■ Directions for this task
The output is the line containing "Beauty Skull Graphic Tee" plus every later line down to the end of the listing below, copied exactly. No pictures belong in it.

· · · ·

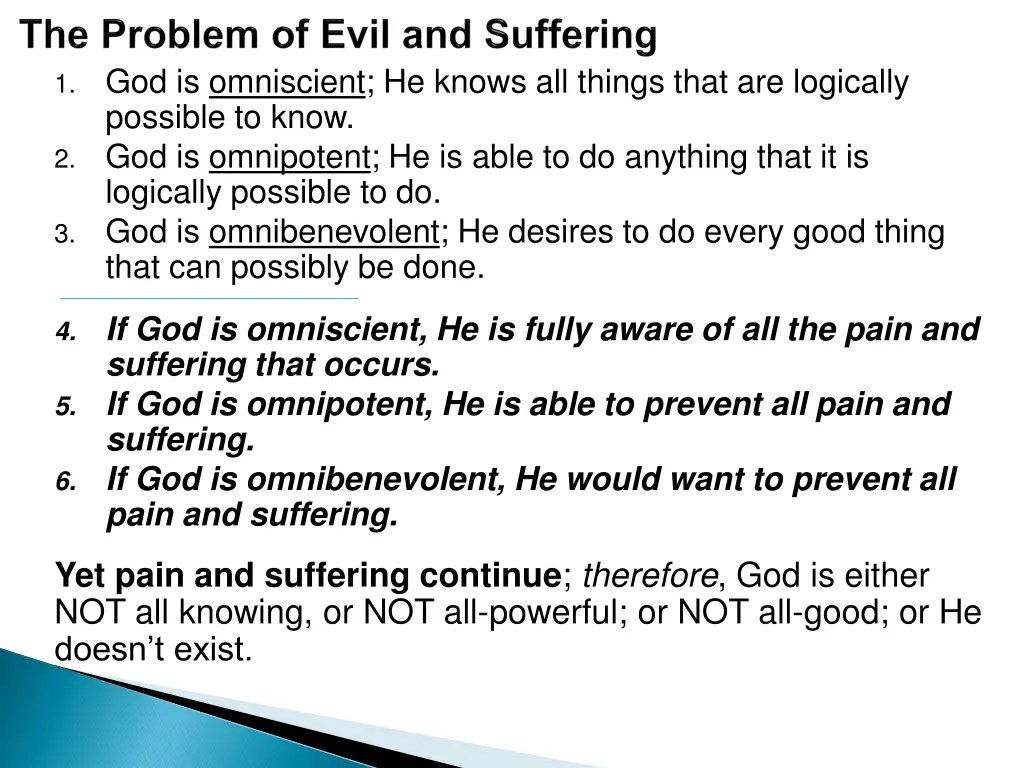 1 god is omniscient he knows all things that 1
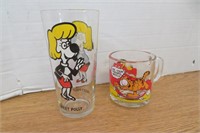 Vintage Garfield Mug &  Pepsi Sweet Polly Glass
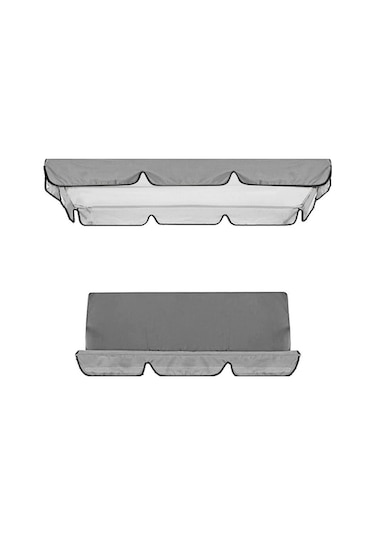 Ankatek Tente Suntek Su Seti Salıncak Magideal Gri Gölgelik Geçirmez Açık Uk Gri Gri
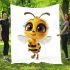 Cute cartoon bee character blanket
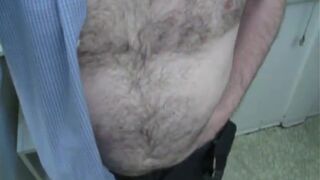 Old hairy bear masturbating on camera  at EveryDayPorn.co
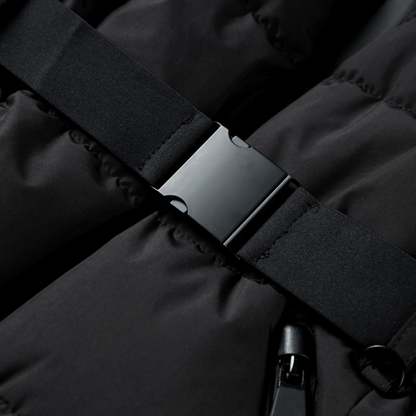 Women's Belted Puffer Jacket – Stylish Winter Insulated Outerwear for Cold Weather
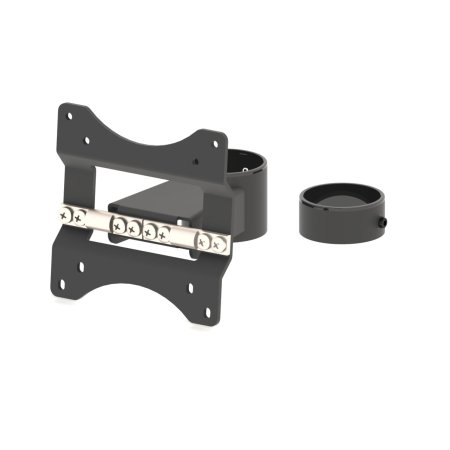Suport Monitor VESA 75/100 POSPOLE, Versiune Scurtă, Montare pe 45mm, Balama cu Fricțiune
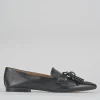 Mocassini tacco 1cm pelle nero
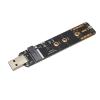 M.2 NVME SSD to USB 3.2 GEN2 10Gbps Adapter Board RTL9210 Chip M.2 NVMe to USB-A view 4
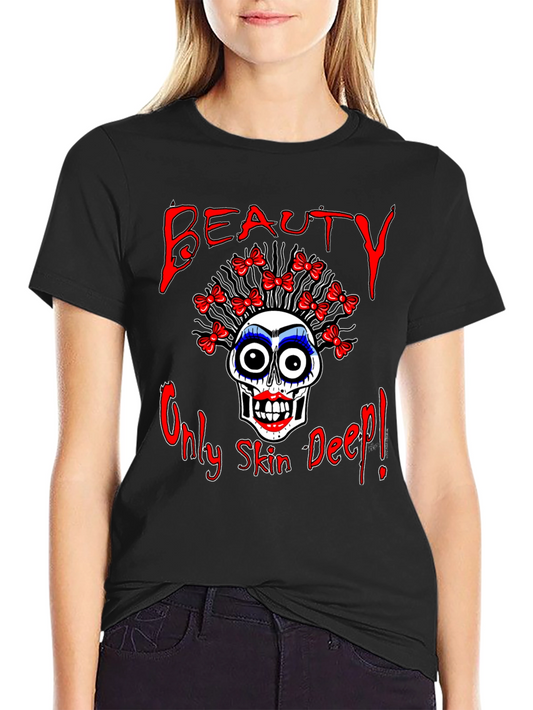 Beauty Skull Graphic Tee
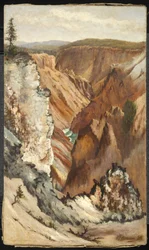 Udsigt over Yosemite Valley, 1886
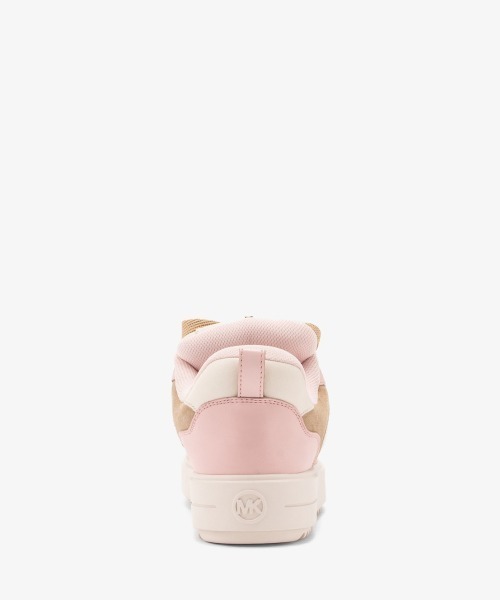 Michael Kors レザー プラットフォーム スニーカー HAYES ツートーン レザー プラットフォーム スニーカー|マイケル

· · · ·

■ Task answer
 Beauty Skull Graphic Tee
 Udsigt over Yosemite Valley, 1886
 Michael Kors レザー プラットフォーム スニーカー HAYES ツートーン レザー プラットフォーム スニーカー|マイケル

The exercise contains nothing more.